Government Spending
What do governments spend their financial resources on?
This page was first published in October 16 and last revised in March 2023.
Public spending enables governments to produce and purchase goods and services, in order to fulfill their objectives – such as the provision of public goods or the redistribution of resources. In this topic page we study public spending through the lens of aggregate cross-country data on government expenditures. We begin with an analysis of historical trends and then move on to analyze recent developments in public spending patterns around the world.
The available long-run data shows that the role and size of governments around the world have changed drastically in the last couple of centuries. In early-industrialized countries, specifically, the historical data shows that public spending increased remarkably in the 20th century, as governments started spending more resources on social protection, education, and healthcare.

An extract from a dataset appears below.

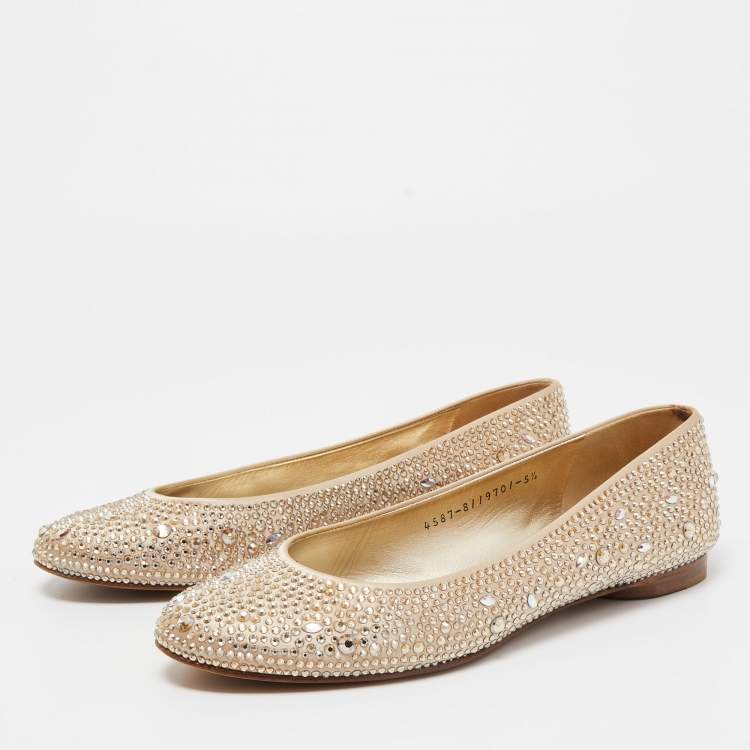 Pre Owned Gina Beige Satin Crystal Embellished Ballet Flats Size 38.5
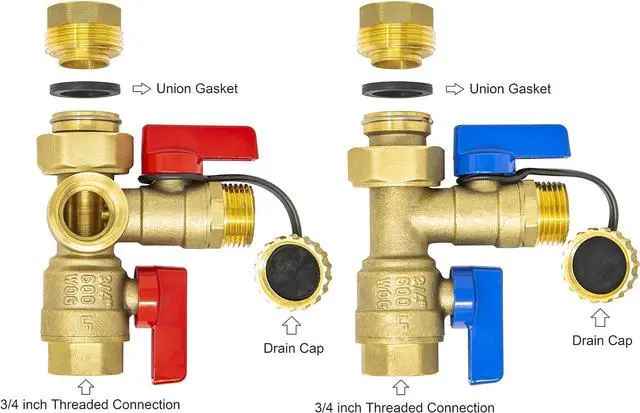 Alt view image 2 of 7 - Libra Supply 3/4 inch IPS Isolator Tankless Water Heater Service Valve Kit  3/4'' FNPT X FNPT Thread Brass Isolation Set with Pressure Relief Valve | Pipe Fittings, Supplies & Spare Parts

Recent data on public spending reveals substantial differences across countries. Relative to low-income countries, government expenditure in high-income countries tends to be much larger (both in per capita terms, and as a share of GDP), and it also tends to be more focused on social protection.
Recent data on public spending also shows that governments around the world often rely on the private sector to produce and manage goods and services. And public-private partnerships (PPP), in particular, have become an increasingly popular mechanism for governments to finance, design, build, and operate infrastructure projects. In the period 2005-2010 alone, the total value of PPP projects in low and middle-income countries more than doubled.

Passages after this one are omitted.